We regret the Spokesman Review's purported dissatisfaction with our handling of the charge to date. While the company may disagree with our assessment of the case and is free to present its own arguments during litigation, it is clear that our actions in processing Ms. Stugelmeyer's charge to date have been proper and consistent with the relevant evidence and our statutory mandate. It is not uncommon for the parties to a charge of employment discrimination to assert strong views that their versions of the facts support their respective positions. Still, notwithstanding their views and any pressure they seek to apply, our final determinations must comport with our own independent interpretations of the evidence and the laws we enforce. We firmly believe that the Spokesman Review has subjected Ms. Stugelmeyer to egregious, unlawful discrimination based on her disability, and we expect to prevail in the litigation we have initiated. We also know that Ms. Stugelmeyer is entitled to present her own case in court and to be represented by a pro bono attorney, to the extent she seeks further relief for which we cannot provide representation.

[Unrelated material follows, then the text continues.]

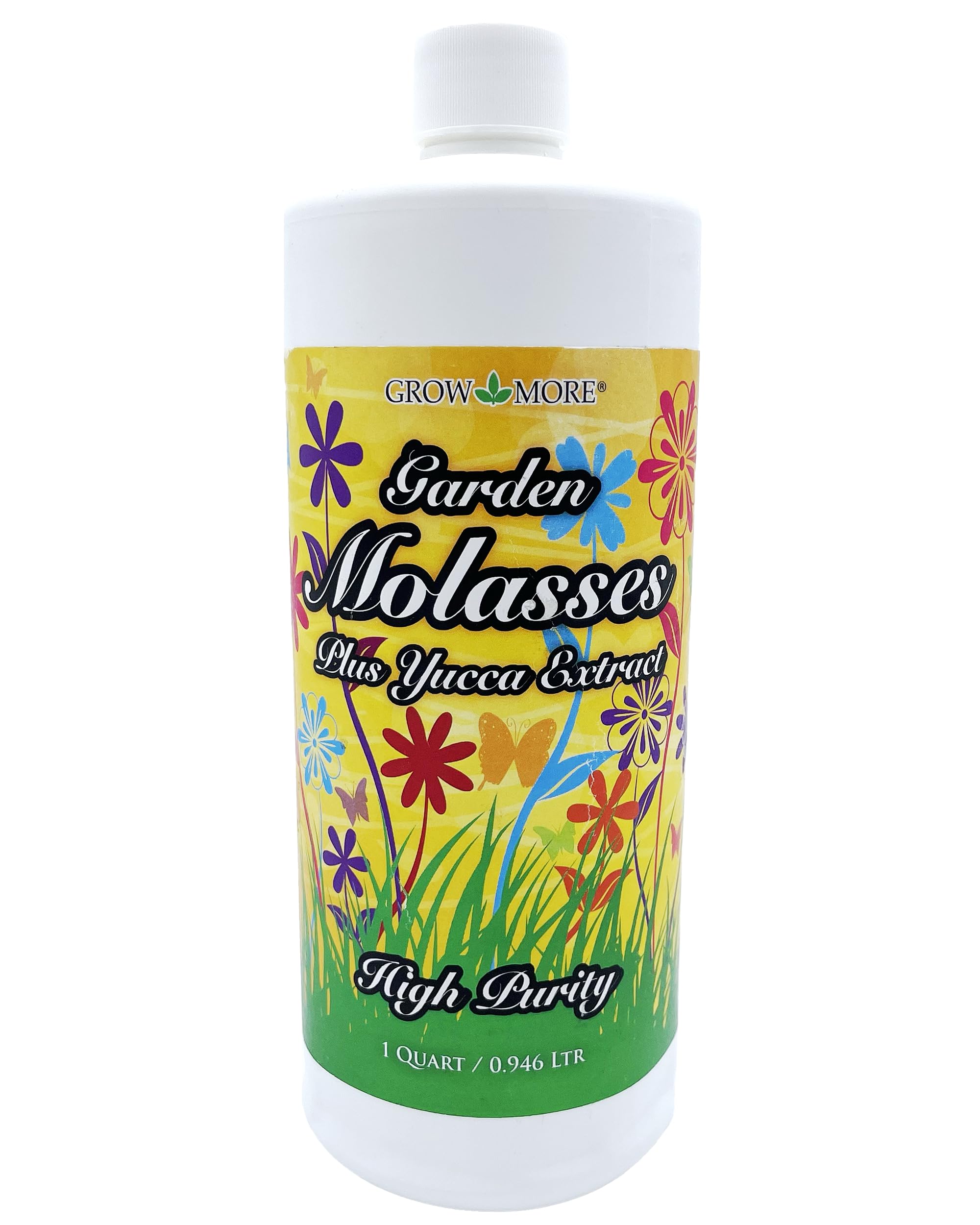 Grow More front label of 1 quart bottle showing product identity and benefits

Thank you for your expression of interest in the case. We hope this information is helpful to you.


Jeanette M. Leino, District Director
U.S. Equal Employment Opportunity Commission

That's what the EEOC wrote, and one could hardly ask for a clearer response to a Senate enquiry. The final piece of correspondence in this series is my letter to Senator Gorton. Here it is:

March 9, 1999

The Honorable Slade Gorton
United States Senator
Spokane, Washington

Dear Senator Gorton:

I have received an exchange of correspondence regarding the Monica Stugelmeyer case, consisting of a letter from Mr. Duane Swinton of the law firm Witherspoon, Kelley, Davenport and Toole addressed to your office; a transmittal letter from your office to the Equal Employment Opportunity Commission (EEOC); and a response from the EEOC to you (copies enclosed). Mr. Swinton offers the National Federation of the Blind quite a compliment. In his letter dated January 18, 1999, he says that the National Federation of the Blind has the power to determine what cases the EEOC will pursue. Although I serve as the President of the Federation, I was unaware that the organization was in a position to decide for the EEOC what it would do. Mr. Swinton apparently believes that the only way to defeat the Federation in its support of the claim brought by Monica Stugelmeyer is to seek intervention from a prominent member of the Senate.

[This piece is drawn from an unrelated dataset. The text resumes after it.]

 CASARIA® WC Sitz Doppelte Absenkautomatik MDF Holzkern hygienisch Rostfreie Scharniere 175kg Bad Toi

I met Monica Stugelmeyer in the 1980's. She is not a radical, militant hell-raiser. She is a blind woman trying to get along in life. She joined the National Federation of the Blind so that she could share experiences with other blind people and learn what she could. She is part of the American workforce that helps to make this country what it is. All she asks is an equal opportunity to earn her daily bread. We in the National Federation of the Blind are trying to help her get it.

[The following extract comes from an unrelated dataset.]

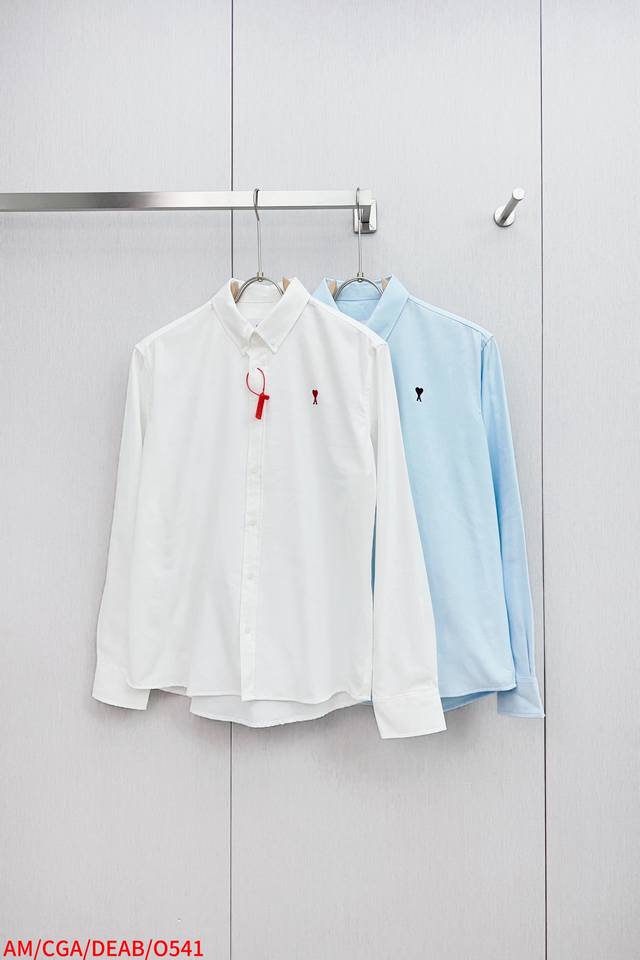 O541 Ami Paris Heart Embroidered Long-Sleeve Shirt, Custom-Made Premium Quality.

I do object to the characterization in Mr. Swinton's letter of the National Federation of the Blind. He says we have an axe to grind against employers. Apparently Mr. Swinton doesn't know of the decades of work we have done to find competent blind employees who are prepared to serve employers in every aspect of the business community. I could think of names for the carelessness demonstrated in Mr. Swinton's letter, but I will refrain from the name-calling he has used in his letter.

Senator Gorton, we in the National Federation of the Blind have great respect for you. Consequently, if you want further information about the activities of the Federation, we would be only too happy to supply it.